_Problem details:_ Reproduce word for word every line from the one containing "A Walk in Nature" to the final line of the data below; omit the pictures.

_Collected material:_
%%

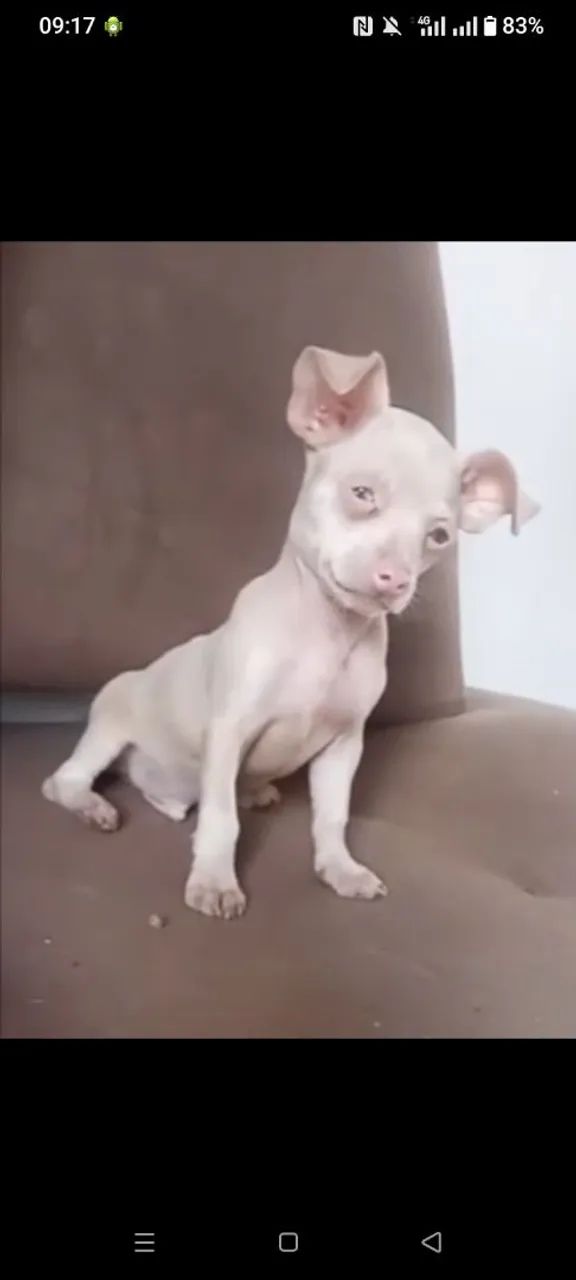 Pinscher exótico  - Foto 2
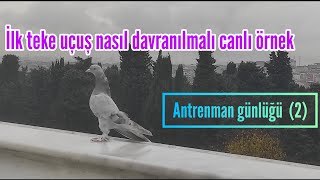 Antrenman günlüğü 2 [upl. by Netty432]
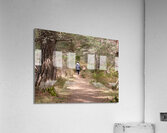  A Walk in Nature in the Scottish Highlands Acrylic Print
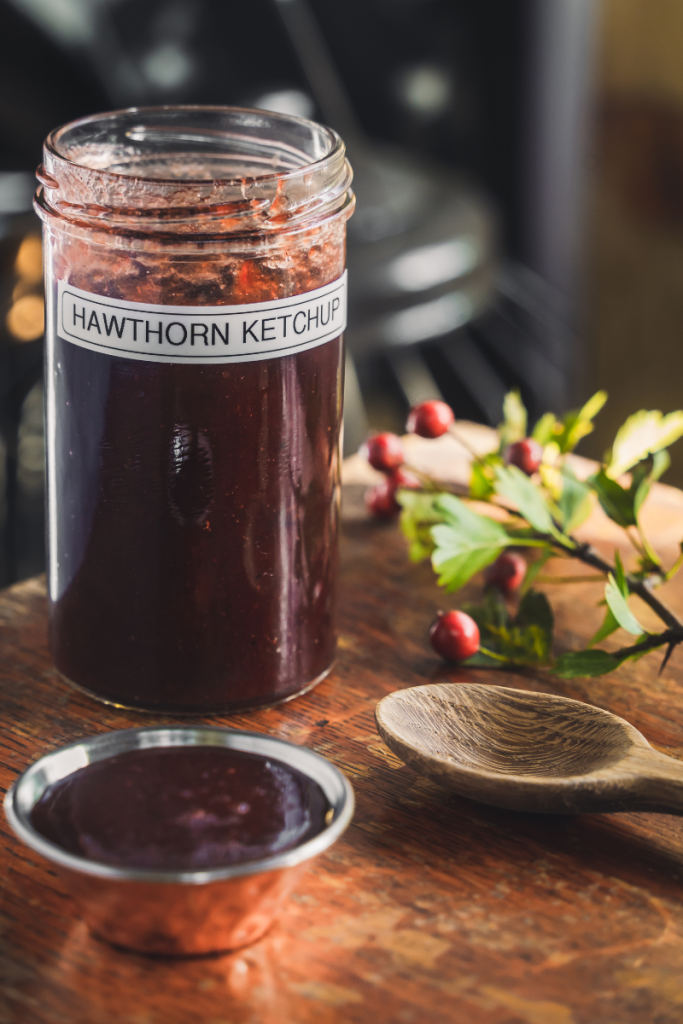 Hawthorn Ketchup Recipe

%%

_Worked solution:_
  A Walk in Nature in the Scottish Highlands Acrylic Print
 Hawthorn Ketchup Recipe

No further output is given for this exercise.